FWIW if you want a quick summary, the most common claims that Kissinger was a war criminal and my rebuttal of them:
Bombing of Cambodia - This was illegal under U.S. law, and would be considered a breach of international law in terms of belligerency. It was a violation of the UN Charter, and “illegal.” However confusing as this may be, it doesn’t make the perpetrators of it a war criminal, war criminal has a more limited and specific definition by international law and treaties. This actually isn’t terribly dissimilar to the 2003 Iraq war–again, an illegal action under the UN Charter and not a “legal war”, but not a war crime.

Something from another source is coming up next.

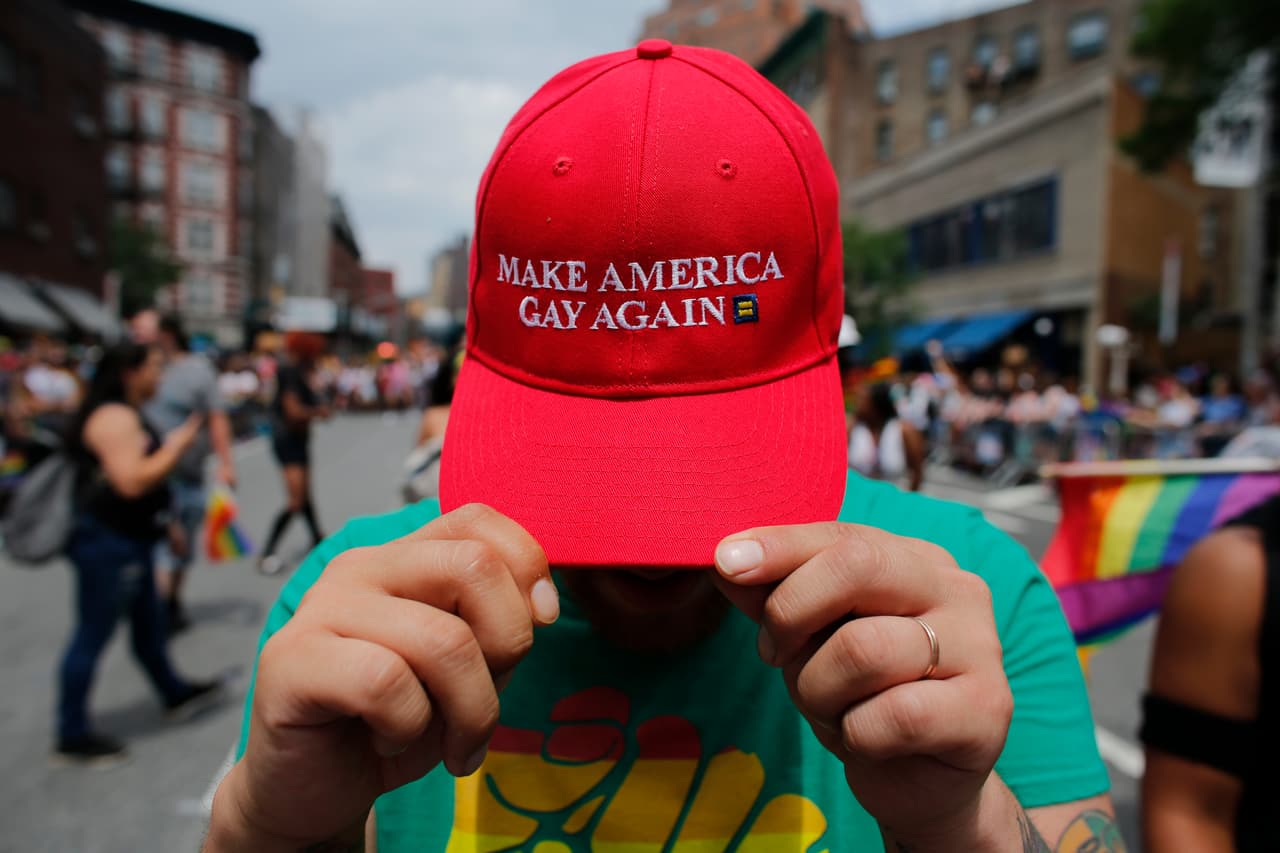 Hagamos a América gay otra vez, parodian el slogan del presidente Trump.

What about civilian deaths in Cambodia from the illegal bombing campaign? Evaluating those deaths actually requires looking at the motivation and intent of the belligerent. In Cambodia all evidence we have is the U.S. bombing campaign was targeting covert North Vietnamese bases in Cambodia. Such a bombing campaign will all but certainly kill civilians. It is not a war crime to kill civilians. It is a war crime to target civilians. There is no evidence the U.S. bombing campaign in Cambodia was targeting civilians.
The East Timor Genocide - East Timor or Timor-Leste is a small island country in the Indonesian archipelago. It was a Portuguese colony which is how it ended up not being part of Indonesia proper. In the mid-1970s the ruler of Indonesia–a U.S. ally, Suharto, wanted to invade East Timor because he didn’t want them to be independent and he claimed that their government had communist leanings. Kissinger supposedly approved this invasion and Suharto did ask us first. In the ensuing occupation a recognized genocide occurred. During the time of that genocide and the 25 year illegal occupation, we continued to support Indonesia and sold weapons to them.

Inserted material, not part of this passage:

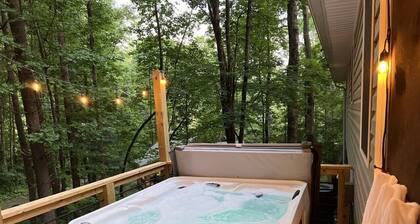 < 3 miles to Downtown, Hot tub and Firepit / Cabin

This is not a war crime because we were not at war in East Timor, were not engaged in belligerent activities, and were not a party to conflict. Selling weapons to a belligerent who commits war crimes, does not create “war crimes by proxy.” Countries like Switzerland and Sweden that continued to do trade with the Nazis during WWII did not incur war criminal status for their leaders by doing so.
Chilean Allende Coup - This one is one that was likely illegal under U.S. law and definitely violates the U.N. Charter, but we were not direct belligerents at all, which makes it hard to prosecute as a war crime. We provided covert support to Pinochet, but we did not directly commit the atrocities–Pinochet did. The coup was illegal but not a war crime. Pinochet was a war criminal but we don’t become war criminals by transitive property through our connection to him.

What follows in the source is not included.